Nvidia (NVDA) stock analysis: Buy, Sell, or Hold in 2024?

The semiconductor giant Nvidia (NASDAQ: NVDA) is one the biggest companies that have, in recent months, been consistently impressing on all fronts. 

On the business side, the company has been doing very well and continues to manufacture some of the most technologically advanced chips – including new high-end models intended for use in the artificial intelligence (AI) sector.

The firm’s stock market performance in the last 52 weeks has also been staggering, and its shares rose more than 214.18% in the timeframe. The company has also been going strong since January 1 and is up 15.46% in the first weeks of 2024.

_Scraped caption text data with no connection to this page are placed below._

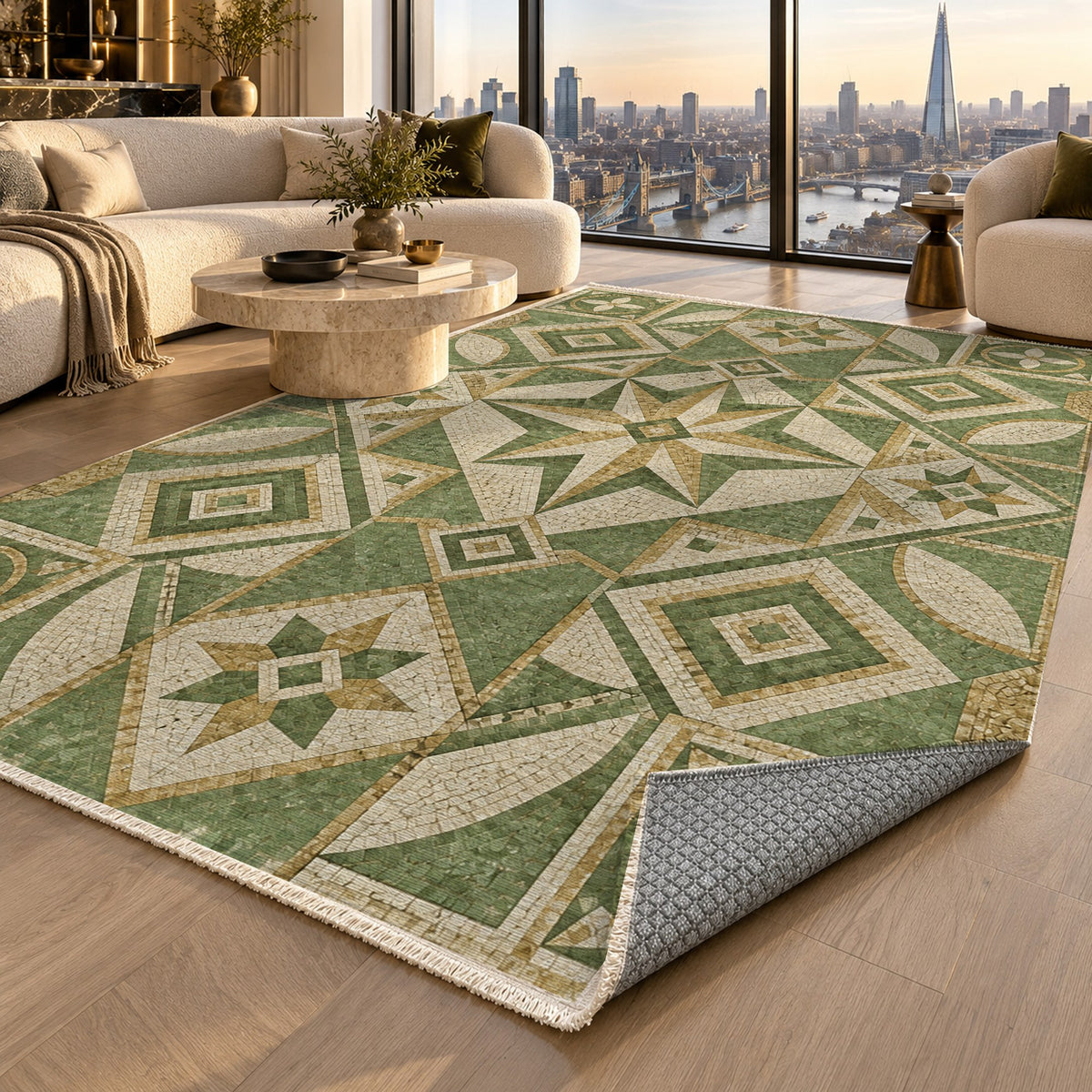 Byzantine Geometry Sage Geometric Washable Rug — london luxury living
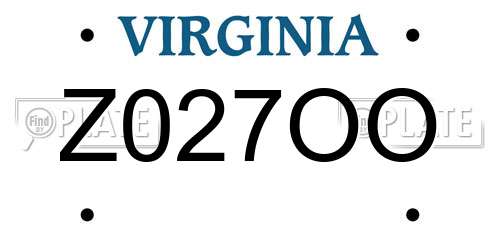 Z027OO Virginia License Plate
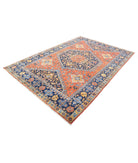 Humna 6'8'' X 9'10'' Hand-Knotted Wool Rug 6'8'' x 9'10'' (200 X 295) / Rust / Blue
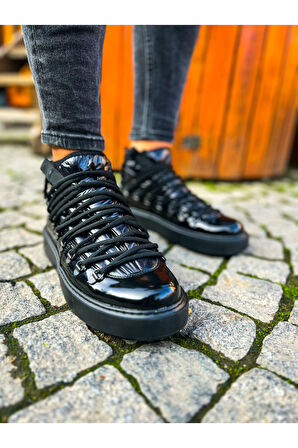 J189 Charisma Ortopedik Taban Günlük Rugan Erkek Sneaker Spor Ayakkabı RST Siyah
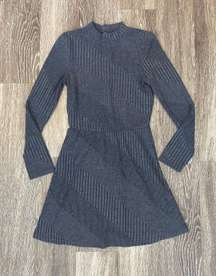 Womens  Grey Long Sleeve Dress - XS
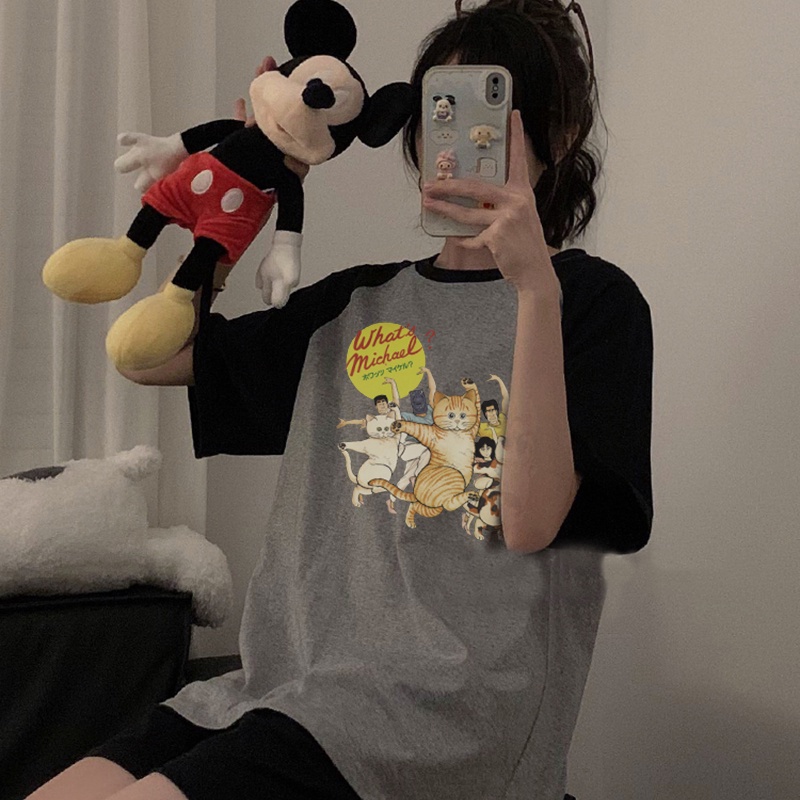 Print T-shirt Kaos Lengan Pendek Cartoon Funny Cat Printing Oversize Atasan Wanita Korean Style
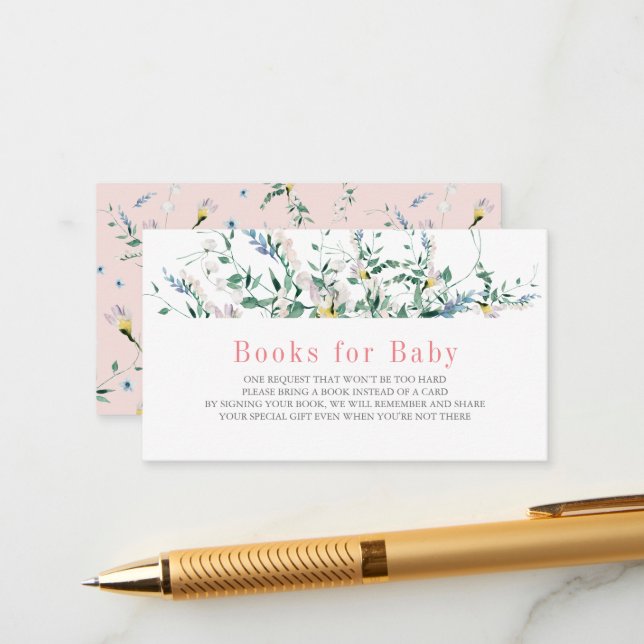 Tarjeta De Recepción Flores silvestres acuarelas Baby Shower Books para (Anverso/Reverso In Situ)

Nvidia’s shares are worth $556.68 at the time of publication, having continued their rise in the last 24 hours, adding another 1.75%.

NVDA YTD chart. Source: Finbold

NVDA stock even helped certain market-minded politicians significantly boost their already major 2023 returns.

Still, as with most things in life, New Year 2024 is full of promise, but also few guarantees that it will be smooth sailing from start to finish, and deciding whether or not to invest in Nvidia requires careful analysis of many factors.

Is buying NVDA a good idea in 2024?

At the onset of 2024, Nvidia’s stock appears to be one of the most obvious winning buys for any savvy investor. 

The company is an important player in the microchip industry and has – along with other infrastructure providers such as Amazon (NASDAQ: AMZN) through its AWS cloud service – been a major beneficiary of the opening stages of the AI boom.

Nvidia is also set to start shipping its most advanced microchip to date – the H200 – and has, at least at surface level, successfully navigated the challenges stemming from new restrictions on exports to China.

Despite its strong 2023 performance, the semiconductor giant was even considered one of the cheapest big tech stocks in mid-December.

Challenges ahead for NVDA stock?

Despite all of these positive factors, certain challenges persist. The first of these comes in the form of the reported reluctance of Chinese companies to settle for microchips modified to comply with the new restrictions.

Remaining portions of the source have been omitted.